* Your assignment *
Each record below must be reproduced exactly as it reads, with its images omitted.

*** Study material ***

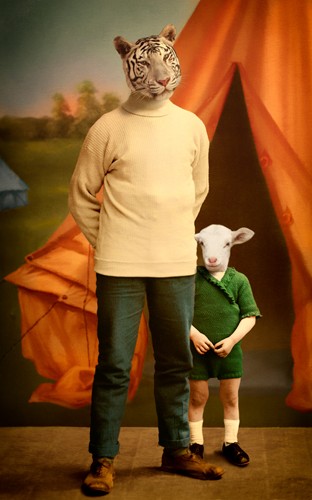 Martine Roch, Summer Camp (Vater und Sohn, Tiger, Schaf, Lamm, Zelt, Camping, witzig, Humor, Tierportrait, Anthropomorphismus, Malerei, Wunschgröße, Wohnzimmer, Treppenhaus, bunt)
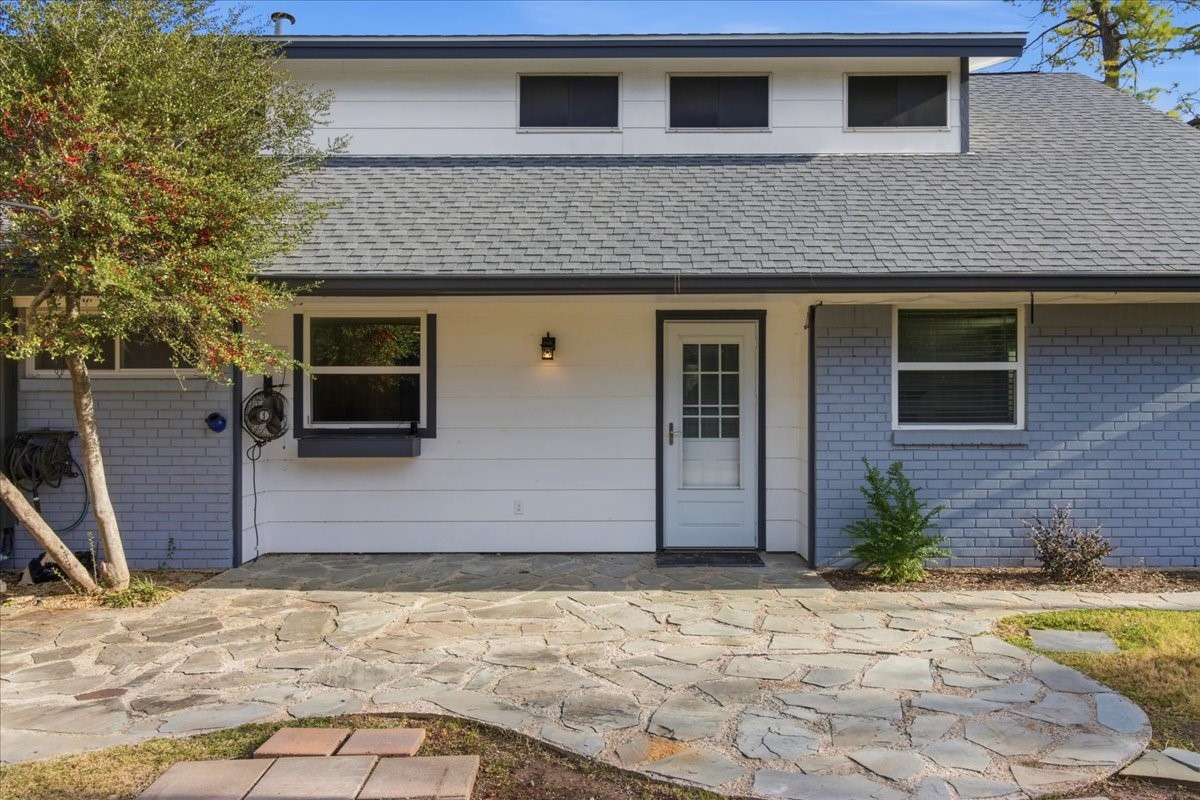 1140 Gloucester Court S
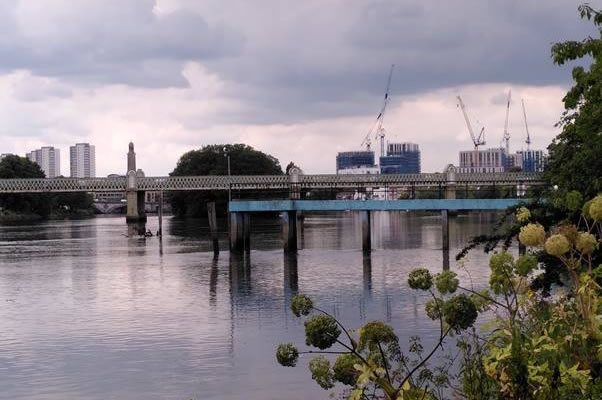 Barnes Railway Bridge looking toward Brentford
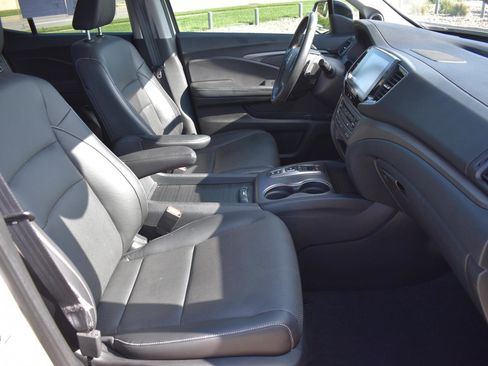 Used 2023 Honda Ridgeline RTL-E image 16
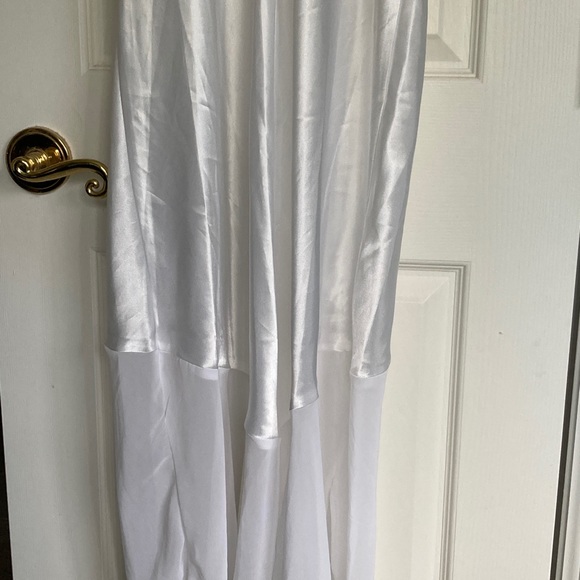 Alexandra Nicole Lg. & long wh w/lace, pearls, sequins nightgown.   $39 - Picture 5 of 8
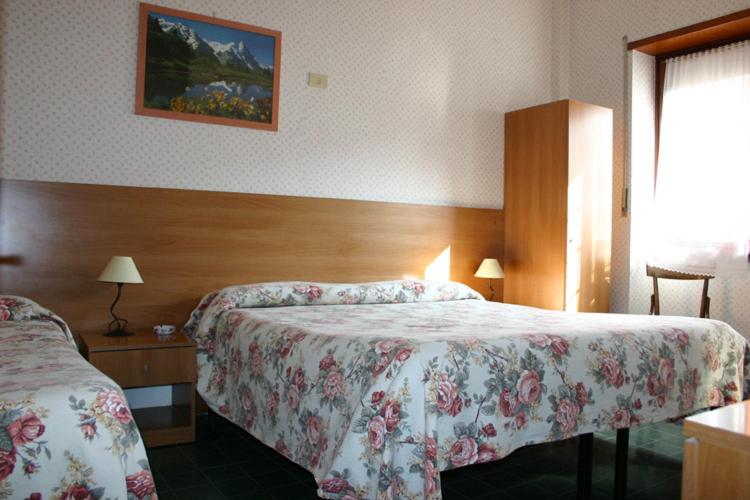 标准间, Albergo Anna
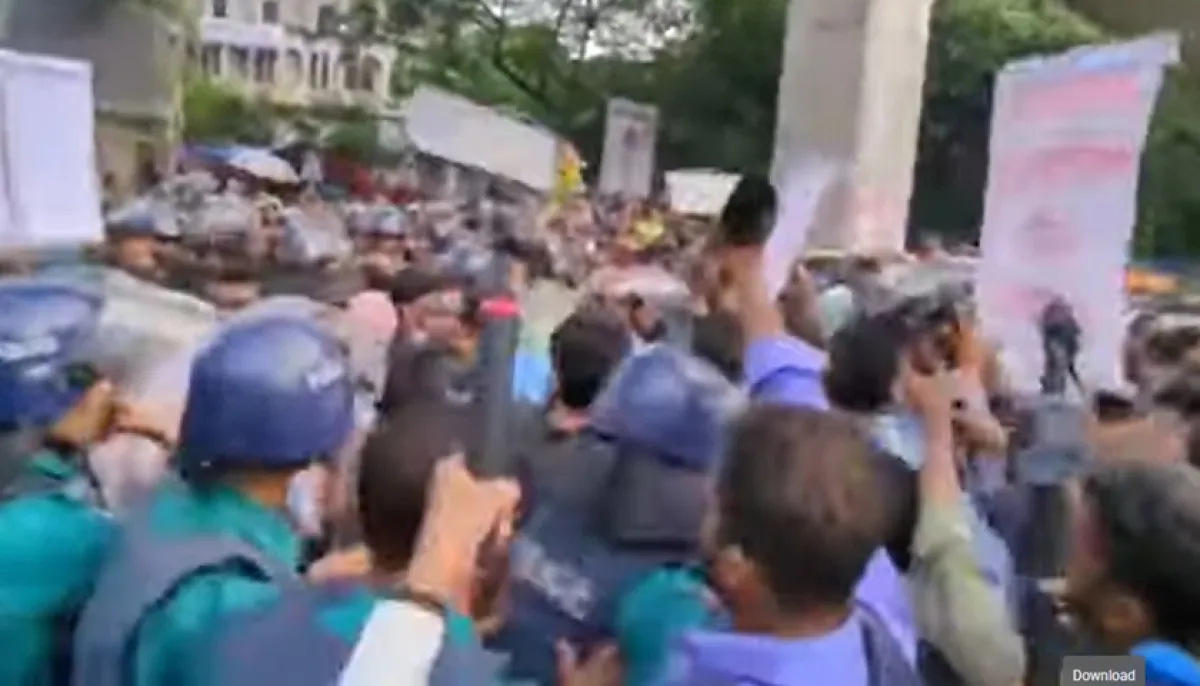 Police job seeker clash in shahbagh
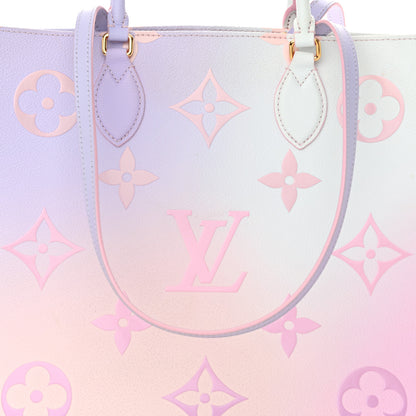 Louis Vuitton Monogram Giant Spring In The City Onthego GM Sunrise Pastel 7 of 12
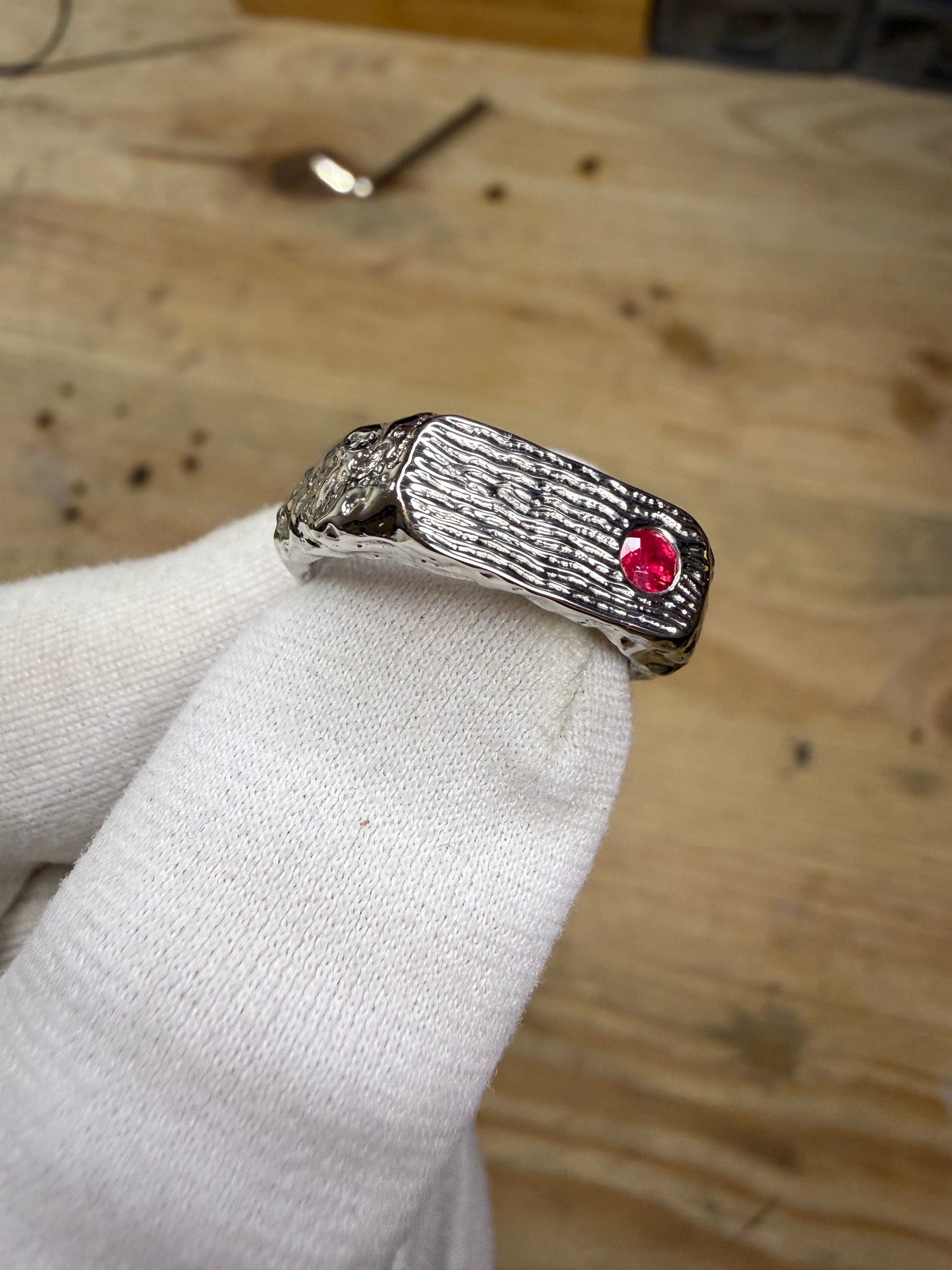 Brutus rectangle rubis rouge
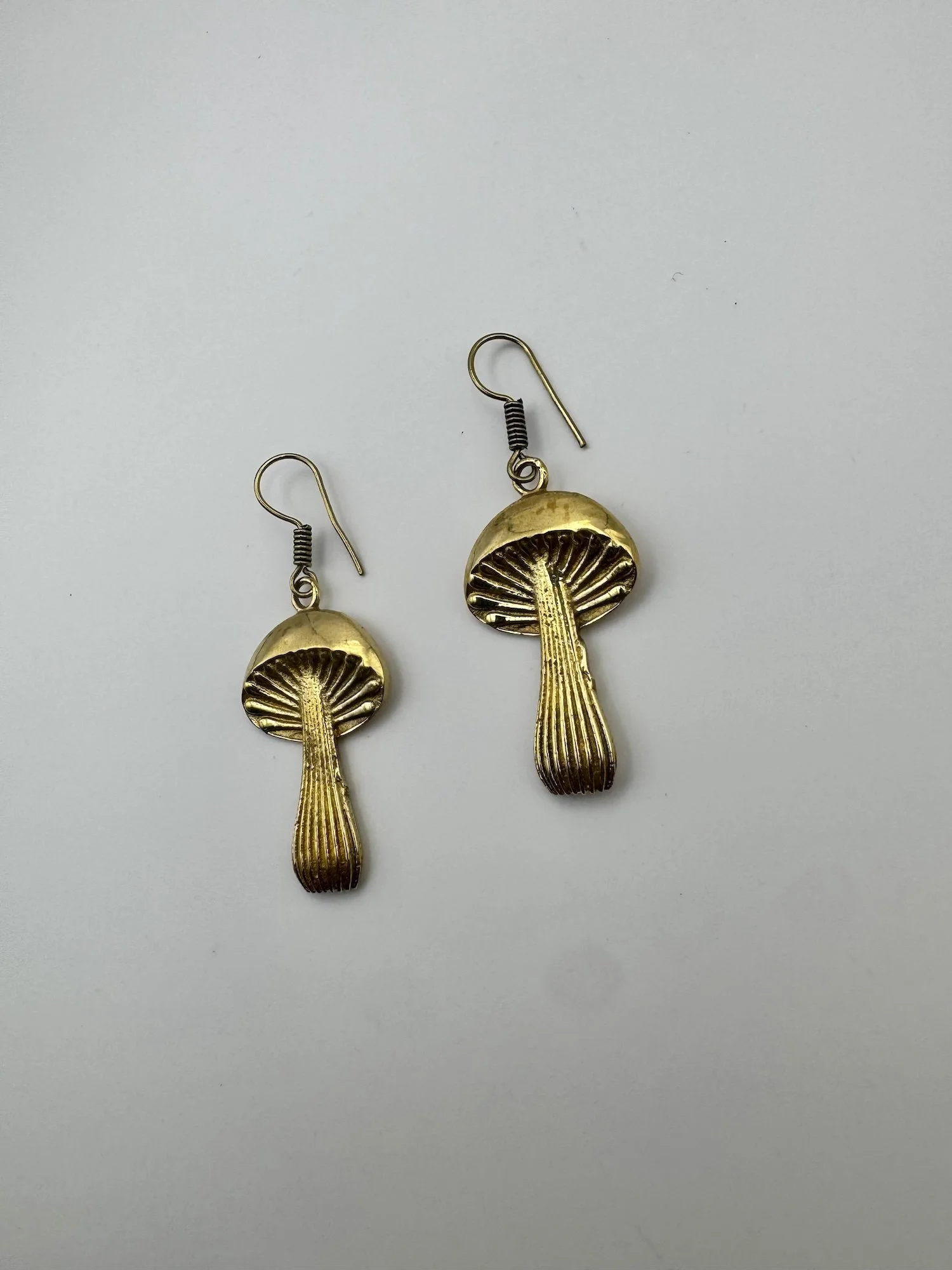 brass-earrings-mushroom-single-06.jpeg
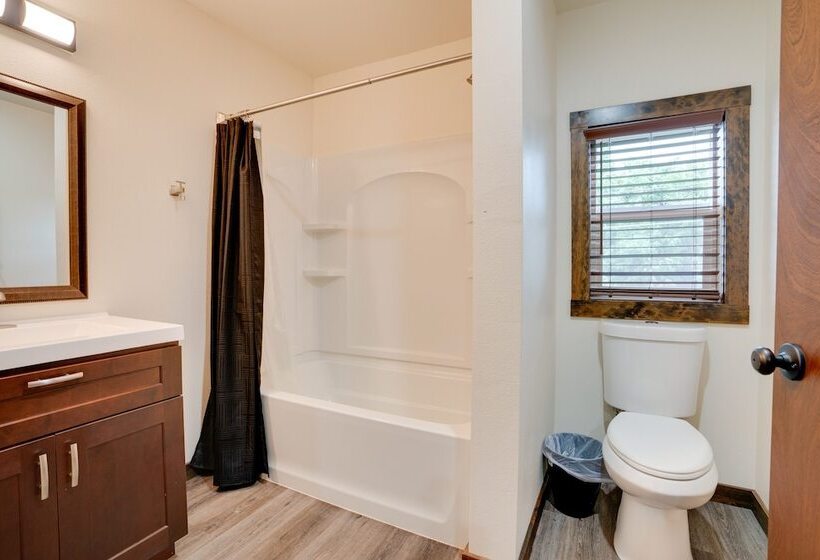 Lakefront Washington Home W/ Private Pool & Sauna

*** End of Study material ***

* Output below *
 Martine Roch, Summer Camp (Vater und Sohn, Tiger, Schaf, Lamm, Zelt, Camping, witzig, Humor, Tierportrait, Anthropomorphismus, Malerei, Wunschgröße, Wohnzimmer, Treppenhaus, bunt)
 1140 Gloucester Court S
 Barnes Railway Bridge looking toward Brentford
 Used 2023 Honda Ridgeline RTL-E image 16
 Alexandra Nicole Lg. & long wh w/lace, pearls, sequins nightgown.   $39 - Picture 5 of 8
 标准间, Albergo Anna
 Police job seeker clash in shahbagh
 Louis Vuitton Monogram Giant Spring In The City Onthego GM Sunrise Pastel 7 of 12
 Brutus rectangle rubis rouge
 brass-earrings-mushroom-single-06.jpeg
 Lakefront Washington Home W/ Private Pool & Sauna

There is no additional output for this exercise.